The Molteno Resource Hub


Bishops boasts a newly renovated and updated resource centre that provides boys and staff with an academic and cultural hub in the heart of the school grounds. Known still as The Molteno Library, the centre provides digital, written and social resources to expand and enhance learning beyond the classroom and the curriculum. The new entrance opens up the library into the History and English quad, just behind the Memorial Chapel. This not only connects the library to natural space and lighting, but also positions it as a focal point within the Academic precinct of the school.

The original HA Molteno Library was designed by Maciek Miszewski and opened in 1977, before which the library had been housed in the Brooke Chapel. By 2013, however, not only was the library in need of a renovation, but the role of the school library at Bishops in the 21st century had to be reconsidered. With the help of others, Mr Gerry Noel (who was the Molteno Resource Coordinator at the time) researched academic resource centres and libraries around the world to reach the conclusion that 21st century libraries are no longer quiet places in which to read and work, but are also places of activity and action – they are not so much about collections of books, computers and resources, but about connections of people to other people, aided by a range of different resources.


As a result, the Molteno Library has been carefully designed and renovated to provide the most appropriate spaces for the evolutionary change in learning and teaching, which has become much more of a collaborative effort aided by digital resources. With the input of many others, Gerry Noel worked with Ms Jane Baldwin (the architectural designer) to create a modern, super-charged wireless, multi-functional centre that offers flexible learning spaces able to accommodate over 180 users at a time. The physical size of the library has not changed, however the spaces have been dramatically reconfigured to create the best learning and collaborative environments.

The library is divided into the following different areas:

The Social and Research Commons is based on the ground floor and is a space for boys to connect, both inside and out. It houses the issue desk which is manned by the library monitors at break times, as well as comfortable furniture, non-fiction books, magazines and newspapers. It has internet-café style seating with stools, as well as flexible desks with plug points for laptops. This area also has a 24-hour access print room attached to it.


One level up is the Learning Commons, which has an open area - with tables and chairs - that is large enough for a class, and wall-shelves that house the many Art and History books. It also has three sound-proof glassed seminar rooms with state-of-the-art projectors and sound facilities. Within these rooms, boys can (at last) legitimately write on the walls painted with IdeaPaint. These seminar rooms are used a great deal by the boys for collaborative work and studying.

The IT Commons is also on the second level and provides an open working area for the ICT staff who offer support and advice to teachers on integrating technology into the curriculum and software assistance to boys.

At the back of the same level is the Reading Commons, a quiet closed-off space that houses the fiction books and large comfy ‘fatsacs’ (big bean bags), and provides a haven to which boys can retreat to read or study.


Finally, on the third and top floor of the library, is the Indaba Commons, where the platform and seating for 30 people provide a space for drama, debating, public speaking and literature readings.
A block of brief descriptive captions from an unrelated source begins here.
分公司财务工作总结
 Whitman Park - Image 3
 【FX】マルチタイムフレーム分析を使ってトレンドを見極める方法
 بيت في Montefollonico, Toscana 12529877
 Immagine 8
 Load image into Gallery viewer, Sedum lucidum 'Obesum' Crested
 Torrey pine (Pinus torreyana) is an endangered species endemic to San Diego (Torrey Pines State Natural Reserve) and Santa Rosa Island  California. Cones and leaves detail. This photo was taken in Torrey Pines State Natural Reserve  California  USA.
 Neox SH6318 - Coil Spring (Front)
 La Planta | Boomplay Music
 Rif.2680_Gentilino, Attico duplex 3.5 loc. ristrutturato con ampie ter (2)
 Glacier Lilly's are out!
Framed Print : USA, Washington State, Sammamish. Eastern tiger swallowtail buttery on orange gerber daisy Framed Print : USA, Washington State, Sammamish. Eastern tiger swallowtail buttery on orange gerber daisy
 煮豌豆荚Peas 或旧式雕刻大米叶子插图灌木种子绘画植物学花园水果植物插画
This, too, has a state-of-the-art IT projection facility with surround-sound, along the lines of a mini movie theatre.

The Molteno Library is now a vital, vibrant part of the school, which can be used not only as a resource centre and teaching space, but which also provides a modern, comfortable space to host society meetings after hours, provide venues for the Eisteddfod, and accommodate staff or parent meetings.

However, what has been most important in the upgrade of the library is to recreate ownership of the space by the boys themselves, building in a sense of responsibility and respect. The space belongs to the boys and staff of Bishops and so they were and still are integral in shaping, creating, designing and thriving in what is now a world class 21st century library.